Six payday loan companies charged with financial fraud

FTC Building

The Federal Trade Commission has frozen assets of six companies accused of payday loan fraud. Image: wsavespublicart / Flickr / CC BY

This morning, the Federal Trade Commission filed a fraud lawsuit against a group of several individuals and companies. The FTC says these companies and individuals defrauded customers seeking payday loans. These companies allegedly charged customers for products they did not want or choose.

Alleged violations of FTC Act

A group of companies headed by Michael Bruce Moneymaker, Mike Smith and Michael Bruce Millerd was named in the complaint by the Federal Trade Commission. Among others, these three ran Fortress Secured, Belfort Capital Ventures Inc., Dynamic Online Solutions LLC, HSC Labs Inc., Red Dust Studios Inc. and Seaside Ventures Trust. These companies are accused of obtaining customers’ bank account information through payday loan applications and then misusing it. Most often, the account information was used to charge customers “subscriptions” for services they did not knowingly agree to.

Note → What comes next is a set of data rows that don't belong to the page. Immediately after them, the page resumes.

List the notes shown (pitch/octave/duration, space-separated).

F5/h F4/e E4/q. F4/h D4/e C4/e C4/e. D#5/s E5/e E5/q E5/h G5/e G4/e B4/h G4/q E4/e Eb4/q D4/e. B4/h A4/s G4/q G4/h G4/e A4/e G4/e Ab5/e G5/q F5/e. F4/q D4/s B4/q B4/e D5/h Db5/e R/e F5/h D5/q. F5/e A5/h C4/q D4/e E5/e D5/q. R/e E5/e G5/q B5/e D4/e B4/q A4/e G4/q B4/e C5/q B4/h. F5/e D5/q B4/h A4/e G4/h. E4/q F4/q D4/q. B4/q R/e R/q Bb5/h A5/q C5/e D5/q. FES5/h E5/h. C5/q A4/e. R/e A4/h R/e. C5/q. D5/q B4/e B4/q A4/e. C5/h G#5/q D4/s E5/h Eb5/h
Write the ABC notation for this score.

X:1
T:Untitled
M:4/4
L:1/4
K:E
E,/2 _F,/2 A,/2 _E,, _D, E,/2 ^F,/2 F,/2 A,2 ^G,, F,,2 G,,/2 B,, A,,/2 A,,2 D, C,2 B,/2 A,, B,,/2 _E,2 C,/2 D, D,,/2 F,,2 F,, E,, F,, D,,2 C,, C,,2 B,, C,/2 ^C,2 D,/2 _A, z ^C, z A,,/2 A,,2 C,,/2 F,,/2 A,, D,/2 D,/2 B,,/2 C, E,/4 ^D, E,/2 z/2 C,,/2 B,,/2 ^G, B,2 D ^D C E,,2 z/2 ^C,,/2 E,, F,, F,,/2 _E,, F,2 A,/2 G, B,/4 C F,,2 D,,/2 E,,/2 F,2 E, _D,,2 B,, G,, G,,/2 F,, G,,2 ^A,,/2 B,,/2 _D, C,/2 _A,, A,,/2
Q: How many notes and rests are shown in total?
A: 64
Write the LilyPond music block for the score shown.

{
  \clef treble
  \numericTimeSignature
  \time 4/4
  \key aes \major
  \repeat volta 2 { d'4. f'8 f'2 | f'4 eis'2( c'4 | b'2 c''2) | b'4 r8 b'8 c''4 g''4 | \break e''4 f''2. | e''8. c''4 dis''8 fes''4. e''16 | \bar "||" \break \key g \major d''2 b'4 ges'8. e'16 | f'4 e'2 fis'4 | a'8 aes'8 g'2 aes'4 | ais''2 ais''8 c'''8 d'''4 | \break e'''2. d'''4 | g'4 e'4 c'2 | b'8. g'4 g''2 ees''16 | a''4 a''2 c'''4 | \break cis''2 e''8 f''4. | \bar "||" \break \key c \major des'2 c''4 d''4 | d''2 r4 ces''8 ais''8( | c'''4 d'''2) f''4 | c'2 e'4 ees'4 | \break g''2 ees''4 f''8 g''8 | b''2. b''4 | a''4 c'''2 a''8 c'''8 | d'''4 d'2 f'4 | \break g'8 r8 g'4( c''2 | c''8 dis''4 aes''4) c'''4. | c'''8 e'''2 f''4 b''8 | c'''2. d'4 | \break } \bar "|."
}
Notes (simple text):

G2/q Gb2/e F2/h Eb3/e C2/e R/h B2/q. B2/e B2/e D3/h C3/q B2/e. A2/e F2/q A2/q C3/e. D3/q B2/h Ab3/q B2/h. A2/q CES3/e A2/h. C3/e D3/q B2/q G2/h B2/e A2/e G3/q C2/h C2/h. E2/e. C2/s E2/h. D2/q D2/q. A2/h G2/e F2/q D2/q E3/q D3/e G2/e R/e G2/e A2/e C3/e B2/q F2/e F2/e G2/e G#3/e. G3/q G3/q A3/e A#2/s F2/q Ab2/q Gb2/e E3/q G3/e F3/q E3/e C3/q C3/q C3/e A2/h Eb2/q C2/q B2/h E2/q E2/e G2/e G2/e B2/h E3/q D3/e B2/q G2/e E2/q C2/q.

Alleged misuse of Terms of Service agreements

Customers coming to the websites run by the companies and individuals named in the complaint often were required to accept Terms of Service agreements to complete applications. Buried in the Terms of Service were agreements to monthly subscriptions for services like voicemail and airline tickets. These “continuity services” usually had a $40 to $50 subscription fee and another $19.95 per month. Many customers had no idea they were enrolled in the services and only discovered it if they checked their monthly statements. When the customer contacted the companies, they were rarely, if ever, given a refund. The customers were often also told that they were not entitled to refunds because they had agreed to the service.

Specifics of the FTC complaint

Michael Bruce Moneymaker and his associates were charged with five specific crimes:

  • Obtaining consumers’ bank account information and debiting their accounts without their informed consent
  • Falsely representing that consumers’ authorizations were part of their payday loan applications
  • Failing to conspicuously disclose that consumers would be charged for third-party trial offers automatically
  • Falsely telling consumers that they were not entitled to refunds because they agreed to enroll in the defendants’ programs and pay for them and had agreed that they could get a refund only if they asked during the initial trial period
  • Falsely promising refunds to consumers and not providing them

Protecting yourself from payday loan fraud

Protecting yourself from payday loan and lender fraud takes just a few extra minutes. Be sure to read the full text of any agreement you digitally or physically sign. If you are applying for payday loans or any other financing, be sure that the company you are applying for provides a physical address, phone number and responsive customer service.